CONCERNS have been raised about the exploitation of Irish bogs for the export of peat to Scotland, following the revelation last week that the Scottish have stopped cutting their own turf in favour of burning Irish briquettes.
Peat fires burning in cottages across the Highlands are more likely to have been fuelled by Irish peat briquettes than turf cut on the Scottish moors. The Irish Peatland Conservation Council has described as "hypocritical" Scotland's reluctance to cut its own turf in favour of importing it from Ireland.
"Ideally, we would love it if people would stop cutting turf in Ireland as it is not sustainable and it will have to stop at some stage, " said Caroline Hurley, the council's conservation officer.

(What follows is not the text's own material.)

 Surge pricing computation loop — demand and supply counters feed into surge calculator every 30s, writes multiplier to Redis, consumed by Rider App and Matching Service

"I was surprised to hear that they have stopped cutting turf in Scotland and I think that it is a little bit hypocritical if they are importing turf from us and are not cutting their own. However, I would be almost 100% sure that peat exported is cut on a commercial basis and is not used from areas of preservation."
Figures produced by the World Energy Council and the Finlandbased International Peat Society in 1999 . . . the latest year for which statistics are available . . . showed that only 20,000 tonnes of peat were cut for home burning in Scotland.

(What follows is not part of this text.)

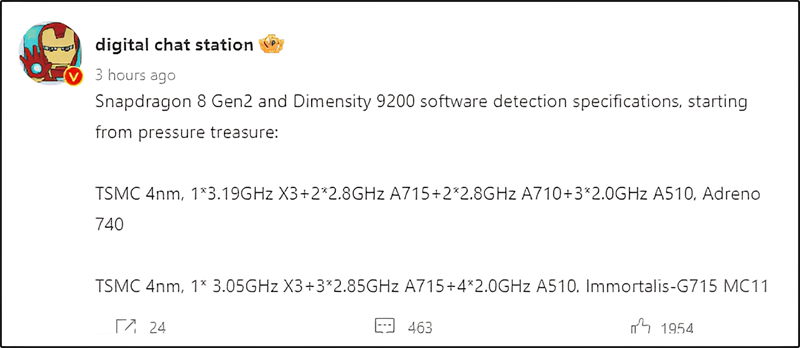 thông số kỹ thuật của Snapdragon 8 Gen 2 và Dimensity 9200 thông số kỹ thuật của Snapdragon 8 Gen 2 và Dimensity 9200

However, it has been reported that the Scottish have stopped cutting their own turf. Shops and filling stations across the Highlands are now selling Bord na Mona peat briquettes.

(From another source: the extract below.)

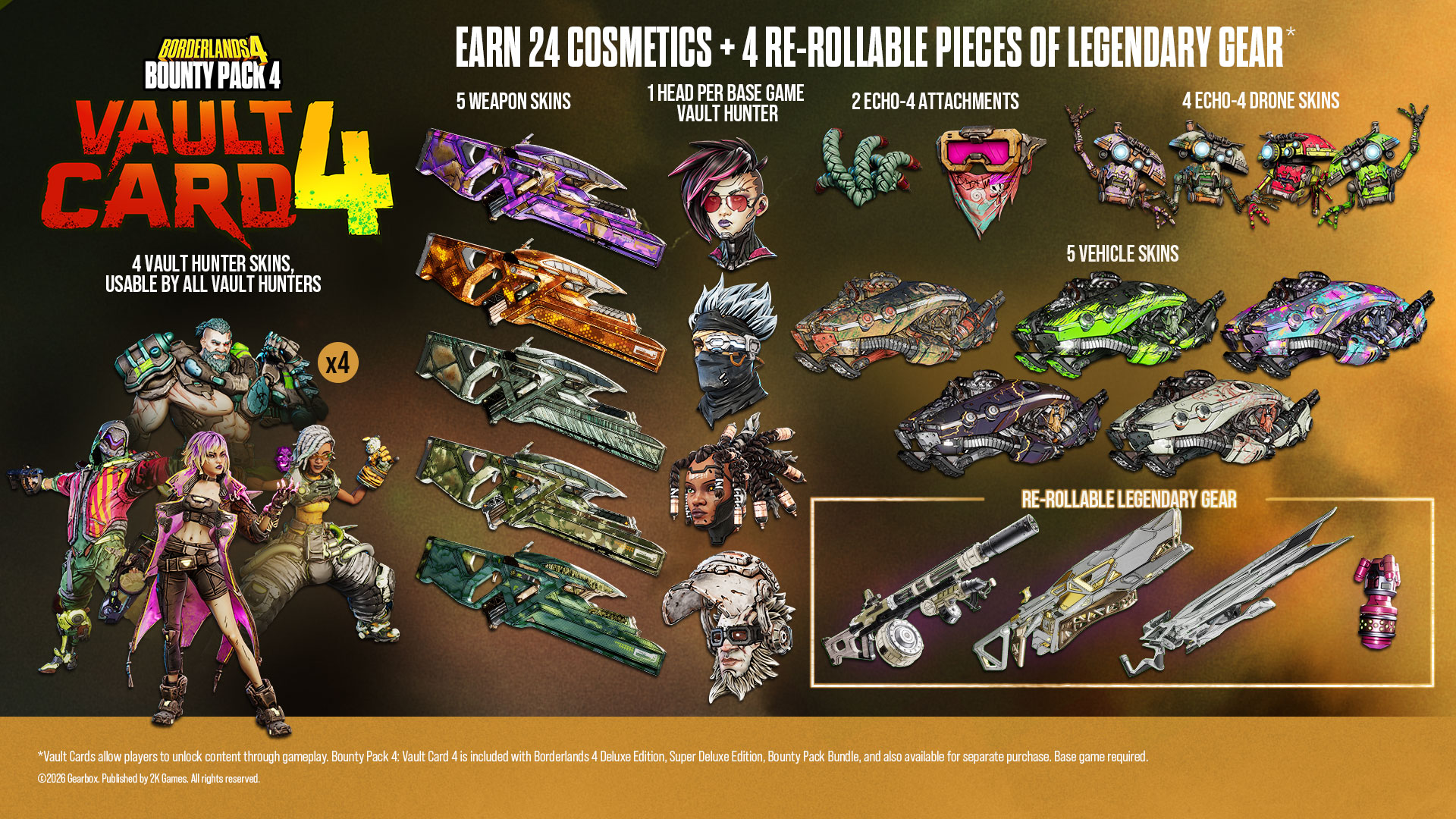 Vault Card 4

Jerry Mulgrew from Glasgow, who runs the biggest Scottish distributor of Irish peat briquettes, said: "I started selling peat from Ireland about 10 years ago and I would have been selling about 30 tonnes a year.
"Now I'm up to 80 tonnes a year, and that has been edging up while fuels like coal have been going down.
The compressed peat is cleaner to use than coal, but I think it's a real shame that no one in Scotland is marketing it to sell like the Irish do."
Concerns have been raised in Ireland over the popularity of Irish briquettes in Scotland and the effect that popularity may have on Irish peatlands.
"If the demand for our peat products from places like Scotland continues to grow, there is a risk that people might exploit preserved bogs, " Caroline Hurley said.
"At the moment, there are people cutting turf in raised bogs in the midlands, even though they are areas of preservation. It has occurred on a site in Kildare where peat has been cut on a commercial scale from an area of preservation."
Meanwhile, over half of the peat sold in British garden centres, including chains such as B&Q and Homebase, comes from Ireland.
It is predicted that an area the size of an Irish county will have been stripped bare by commercial peat extraction within the next decade, creating an environmental crisis in boglands that have taken more than 10,000 years to form.